The Union ‘Government has set up Khadi and Village Indus-tries Commission to help these industries. Village industries include processing of cereals and pulses, oil, gur and khandsari, palm gur, non-edible oils and soap, bee keeping, handmade paper, village pottery, carpentry, and black-smithy. These industries depend on local raw materials and mainly cater to the requirements of the local population. The Khadi and Village Industries Commission, which is responsible for the development of these industries, provides financial assistance to the registered institutional cooperative societies, State Khadi and Village Industries Board and other village industries which come under its purview. The strategy of economic development evolved by the Planning Commission recognises the need for cottage industries. An important role has been assigned to khadi and cottage industries. In fact it can be said that economic development in our country cannot reach a take-off stage until the vicious circle of poverty is broken by creating avenues of employ­ment for 80 per cent of our population in the rural sector, whose only hope is cottage industry.

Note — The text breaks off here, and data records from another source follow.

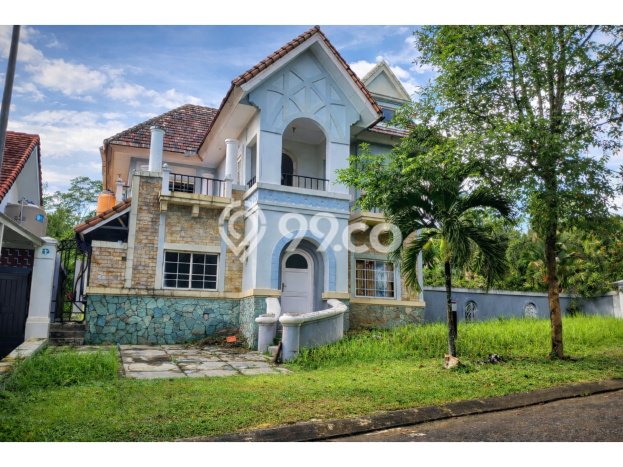 Disewakan! Rumah 4 Kamar Tidur &
3 Kamar Mandi di Sentul City, Bogor Disewakan! Rumah 4 Kamar Tidur &
3 Kamar Mandi di Sentul City, Bogor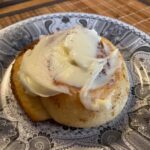 The Snook surprised me today with homemade Zimt-Schnecken (cinnamon rolls)! Me: “What prompted this?!” Him: “It was the King Arthur flour Recipe of the Year and it’s all over the Internet.” 😍 https://www.kingarthurbaking.com/recipes/perfectly-pillowy-cinnamon-rolls-recipe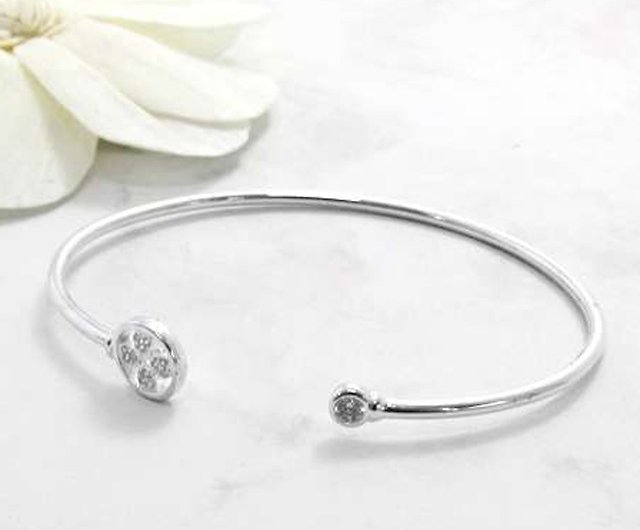 Women's Silver Bracelet with Shiny Crystals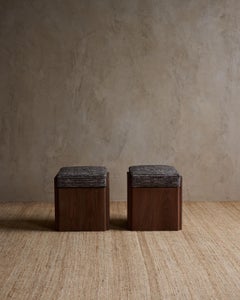 Sgabello Phil in legno massello e rivestito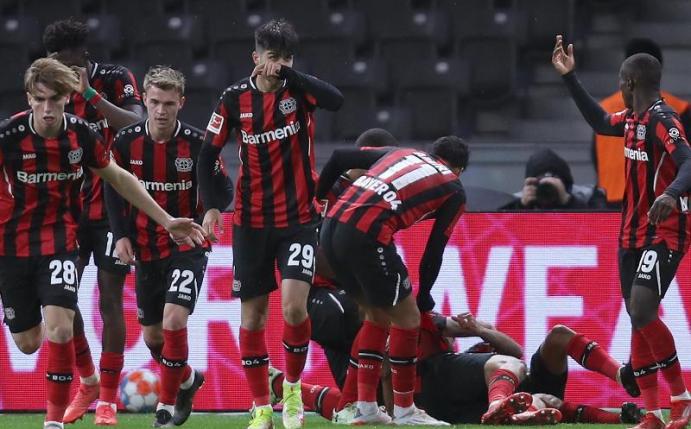 Leverkusen kam im Auswärtsspiel bei der Hertha zum späten Ausgleich. Foto: Andreas Gora/dpa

In the Industrial Policy Statement made in Parliament in December 1977, it was made clear that Government would introduce legislative measure to ensure adequate recognition to cottage indus­tries, which are capable of providing employment to a large number of persons in the rural sector. As a result of this shift in the attitude of the government every district will be provided with an agency to look after the needs of cottage industries in the district. This district agency would arrange for machinery, raw material, credit facilities, marketing, research and expansion of these indus­tries. The policy statement hoped that the financial institutions would reserve a portion of their total advances for the cottage industries. The government departments and public undertakings have been instructed to make their purchases from these industries on a priority basis. Government would take effective measures for development and greater use of small and simple equipment and machinery suitable for those employed in cottage industries with a view to increasing their productivity and profitability.
During the first three Five Year Plans a sum of Rs. 458.76 crores was spent by government for the development of village and small scale industries. The Fifth Plan outlay for the development of this sector was Rs. 535.03 crores. The Sixth Plan provides an outlay of Rs. 935.00 crores for cottage and small scale industries. It is estimated that khadi and village industries, and small scale indus- ‘ tries would be producing goods worth Rs. 2561 crores and Rs. 2670 crores during 1982-88 they are likely to give employment to 74.48 lakh and 57.68 lakh persons respectively.
Having fixed the objectives of removal of poverty and un­employment, the economic growth of the rural areas is one of the most important measures for achieving it. Development of cottage industries is vital for the real transformation of our countryside.